However, it is worth knowing what what is in that space and how to use it.

“Grief is not a feeling. It’s a skill.” – Stephen Jenkinson, OrphanWisdom.com

Huh? Didn’t you just spend all of these pages explaining to me that grief is a feeling and a state and an experience and a flavor? You said you can’t force it or rush it because it will happen to me so I don’t have to do anything but now you’re saying it’s a skill? What? I’m too busy crying and sleeping and sitting through annoying social events to follow your steps.

Hey, I get it. Grief is hard! Grief is many things. It is a ‘being’ and a ‘doing.’ This section is about the ‘doing’ part of grief. We hope that the following sections will give you the tools and frameworks to consider how you can use your inherent agency to make meaning from your particular grief.

There are three parts to this section:

  1. Grief therapies (below): These are summaries of research-based approaches to grief therapy.
  2. Grief exercises: Activities, writing prompts, thought exercises, meditation prompts, questions, and more.
  3. How to help someone who is grieving: What to do when someone you care about is grieving.

In the following pages thereafter, we’ll present a curated collection of quotes on grief, an extensive list of organization that can be of help and a massive page of other resources and tools on Grief, Loss, Death and Dying, including videos, links to articles, and books, to finish off this section.

Grief Therapies

Mental health therapy is centered around the idea that working with a trained mental health professional can provide a space for reflection, sharing, and “unconditional positive regard,” in the words of person-centered therapist Carl Rogers.
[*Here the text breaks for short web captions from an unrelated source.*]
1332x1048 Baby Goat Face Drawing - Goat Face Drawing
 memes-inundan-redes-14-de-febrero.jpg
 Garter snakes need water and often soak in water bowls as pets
Therapy comes in many forms: general talk therapy, art therapy, existential therapy, pastoral counseling, mindfulness, cognitive-behavioral therapy, psychiatric interventions, psychodynamic therapy, interpersonal therapy, Gestalt therapy, etc. Many therapists offer “eclectic” modalities, meaning they tailor their approach to the needs of each client. The kind of therapy one pursues, whether in response to general mental hygiene needs or a crisis, is less important than the relationship between client and therapist.
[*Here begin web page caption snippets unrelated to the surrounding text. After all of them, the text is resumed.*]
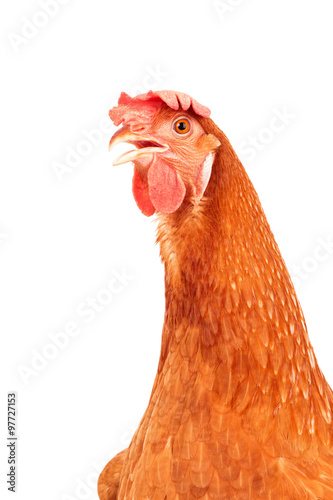close up head of brown chickken ,hen isolated white background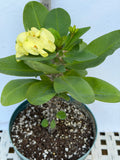 Euphorbia Milii THAI RAINFOREST Crown of Thorns Corona De Cristo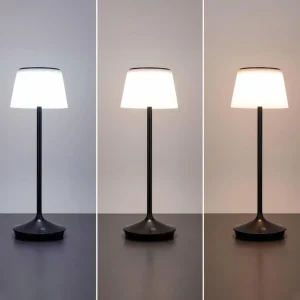 Näve Lampe table solaire LED Emmi CCT recharge, noire^ Lampes Décoratives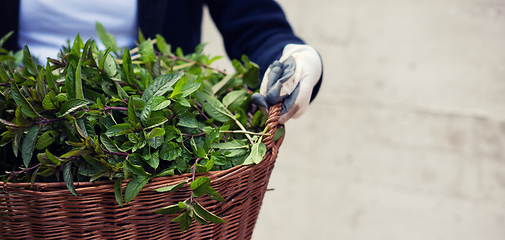 Image showing gardening wooden basket with herbs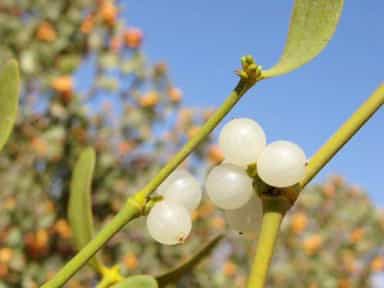 دارواش،واش،بورگ آغاجی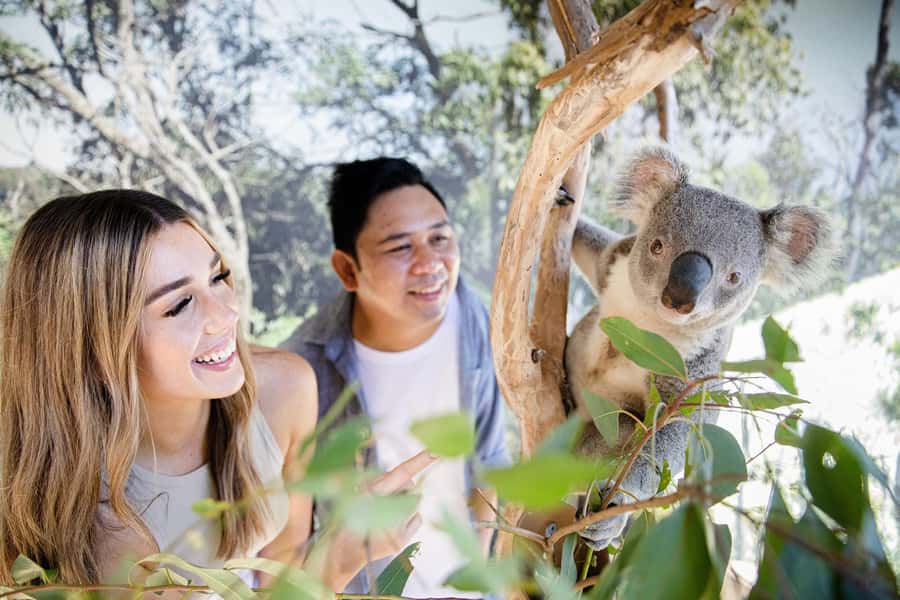 Small Group Blue Mountains, Wildlife & Scenic World Day Tour - Price and value at $147 for this mix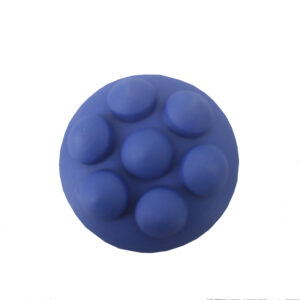 010090685 (1)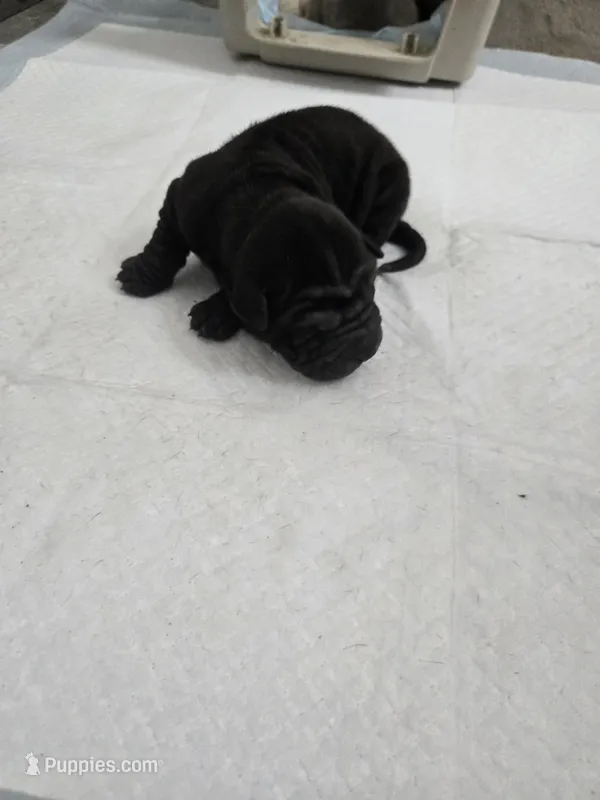 Coke a cola  – Chinese Shar-Pei puppy for sale in Rochester, NY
The effects of grief on mental health shows up in therapy offices all the time. Unresolved grief is at the root of 15% of psychiatric referrals (Grief Works, Julia Samuel). Most therapists include grief therapy in their general skill set, while some focus on grief therapy specifically. Some may use one of the approaches described above or below while others might pull together a variety of schools of thought. Regardless of the approach, all beneficial grief therapy shares a common theme of witnessing the client’s grief without judgment or a timeline.

Grief therapy is not required for grieving. It is one tool of many. If you are skeptical about baring your soul to a stranger, consider talking to a physician, therapy-literate friend, or researching online about the pros and cons of therapy. It can be valuable to “shop around” therapists to find one that feels right. Online therapy is also growing and effective. For finding a therapist in the US, check out www.psychologytoday.com. There are also growing options for online therapy, including www.talkspace.com.
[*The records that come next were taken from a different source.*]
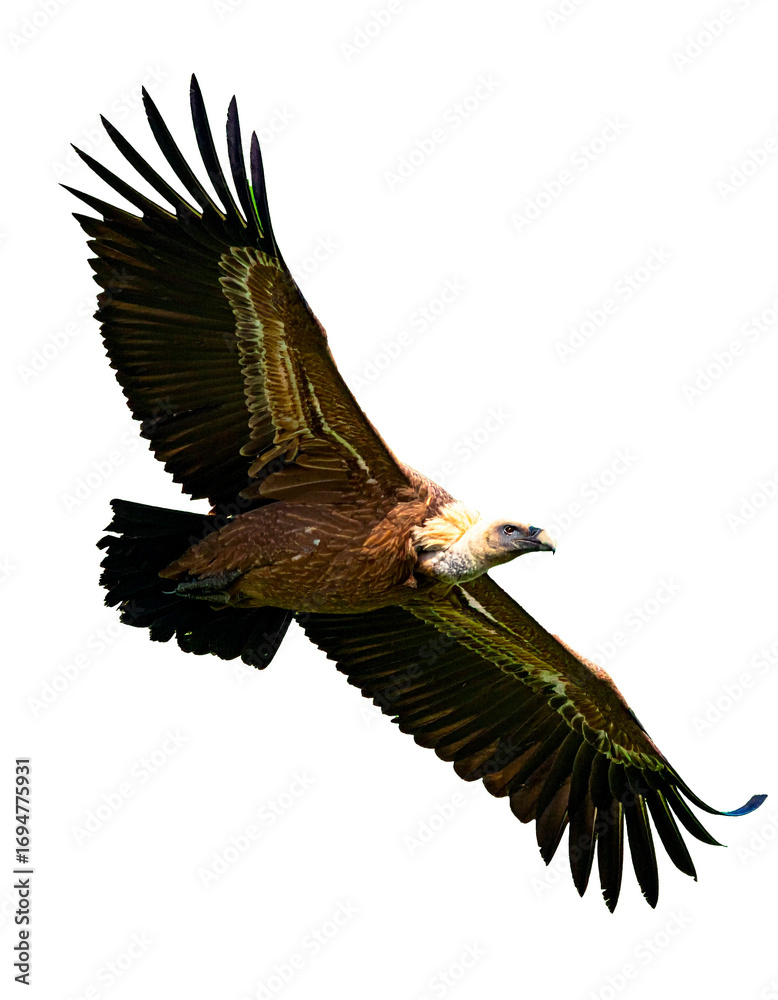 Fototapeta premium buitre leonado (Gyps fulvus) en primer plano, sobrevolando, con las alas extendidas y el plumaje detallado en tonos marrones y beige. La luz natural resalta la textura de sus plumas. PNG
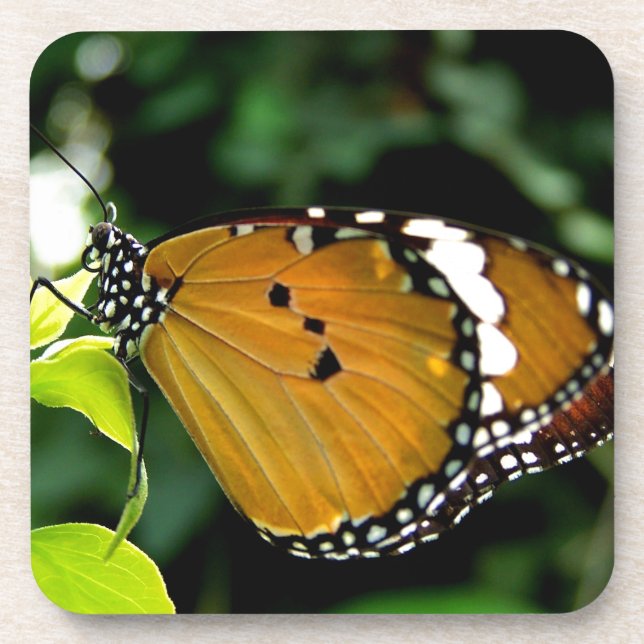 Posavasos Naranja, mariposa negra y blanca en hojas (Frente)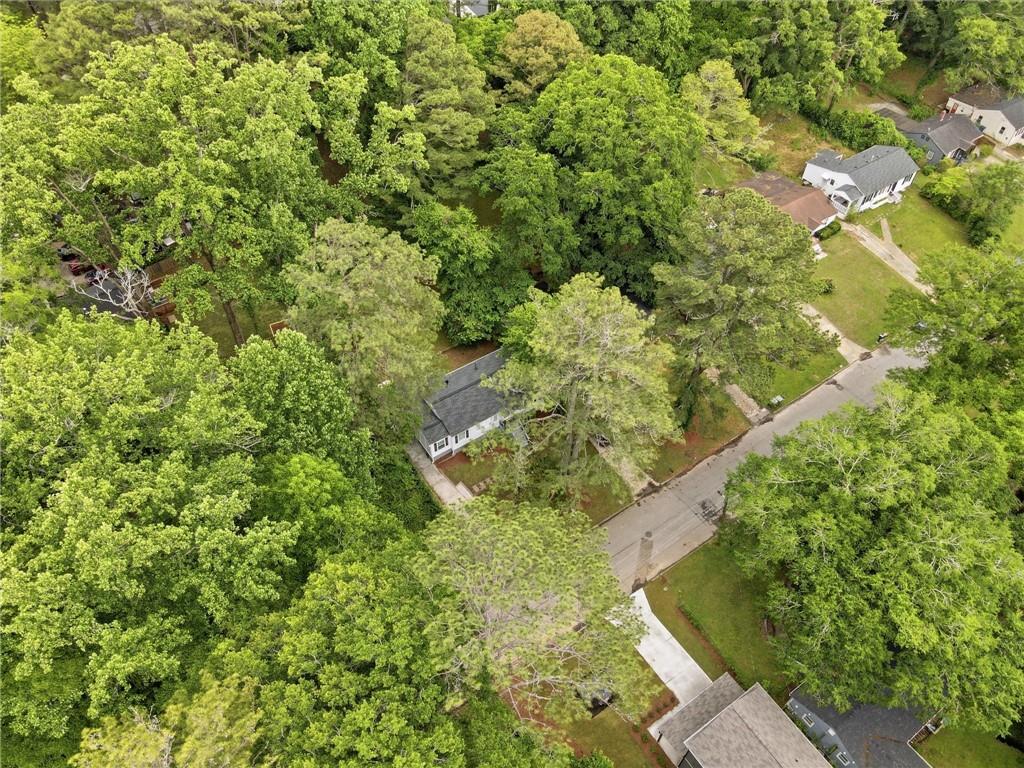 1222 Elizabeth Avenue Southwest Atlanta, GA 30310 - Photo 5 of 46 a view of a yard with plants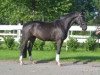 dressage horse Finley 103 (Hanoverian, 2014, from Foundation 2)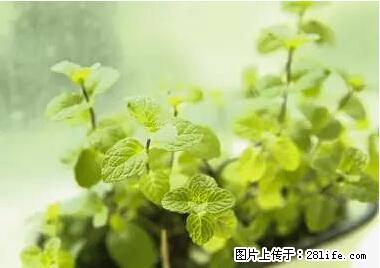 晕车、脚气、牙齿变黄、皮肤粗糙？学会这些三分钟搞定！ - 黄石生活资讯 - 黄石28生活网 hshi.28life.net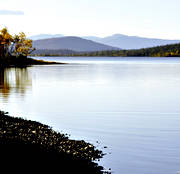 autumn, Jamtland, lake, landscapes, Middagsvalen, mountain, water lake, woodland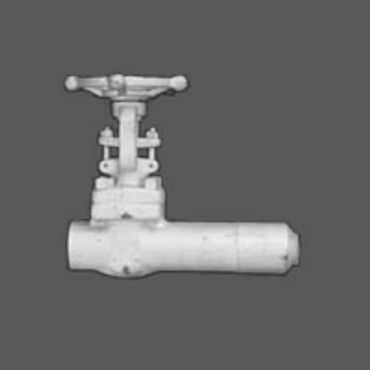 SHORITSU COMPACT VALVE 
CLASS 800 EXTENDED BODY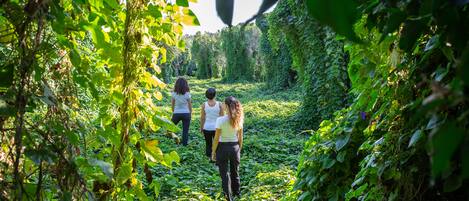 Un sendero rodeado de abundante vegetación que se adentra en un bosque.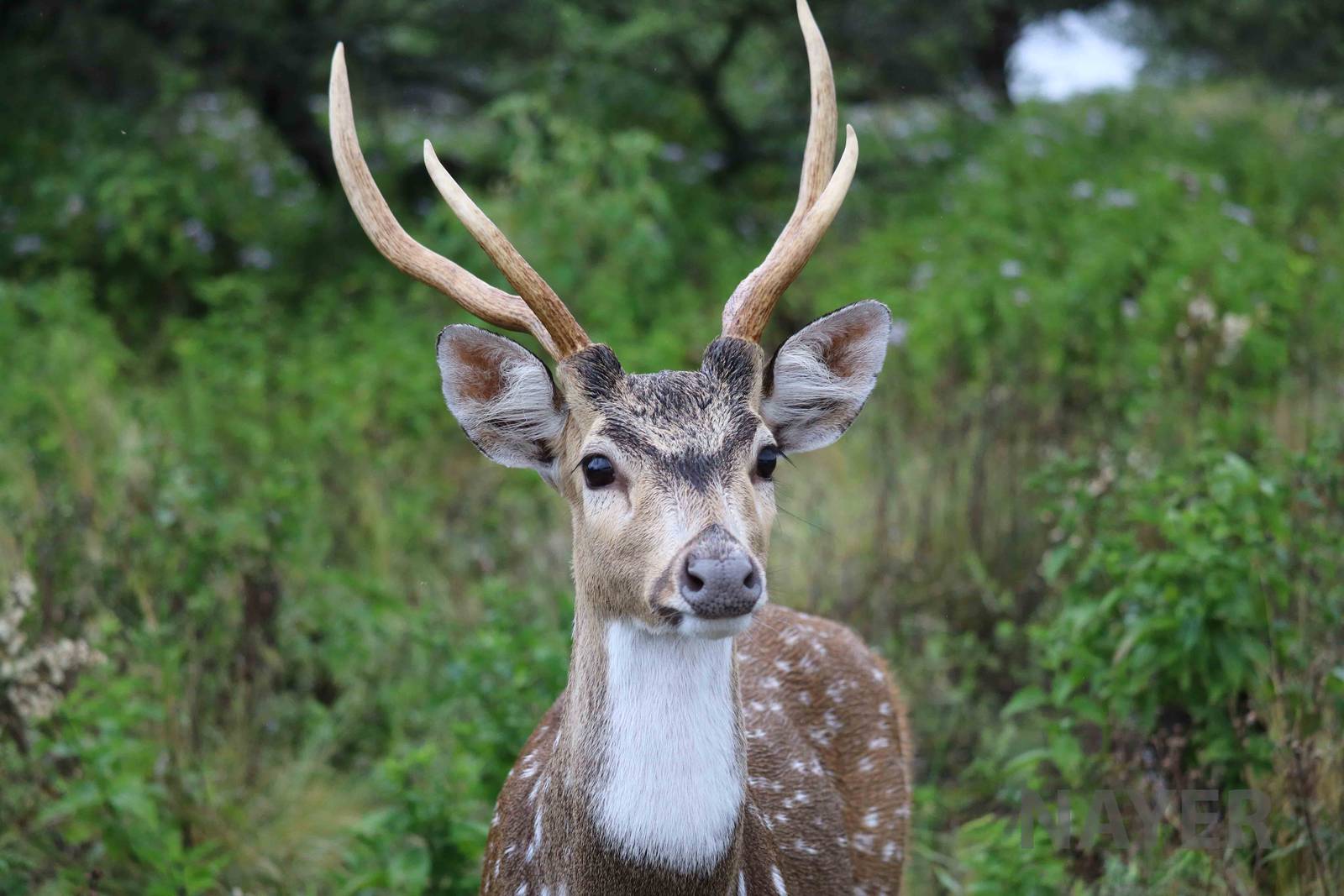 Axis deer - Tatu Carreta, April 2016.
The theories below are meant to be loose frameworks for understanding how grief grows and changes. If you find one that intrigues you, consider reading more about it in the links provided. And, if you don’t resonate with any, that’s okay. You are more complicated than any one theory (and there are more than the ones written about here). If you’re frustrated at the whole concept of “explaining” grief, we suggest Megan Devine’s It’s OK That You’re Not OK.

For even more grief theories, check out these on What’s Your Grief: https://whatsyourgrief.com/blog/?category=grief-theories

Book: Continuing Bonds: New Understandings of Grief, by Dennis Klass

An easy summary can be found HERE.

Grief Theory: Continuing Bonds

The heart of the continuous bonds model approach to grief is that grieving is not about putting the deceased person in the past and “moving on” to a new life. Grieving is about slowly finding ways to adjust and redefine the relationship with the person who is gone. This allows for a continued bond that changes as you live. Rather than pursuing a linear path towards “closure,” it is normal and healthy to find new ways to engage with the person who is gone. This approach is epitomized in cultures whose customs bring in totems, pictures, names, songs, and memories of the deceased into daily life long after death (check out the movie Coco). Research shows that maintaining relationships with loved ones who have died contributes to more overall life satisfaction in the long term. Continuous bonds can be incorporated into other approaches to grief. What matters is a desire and willingness to…continue the bond!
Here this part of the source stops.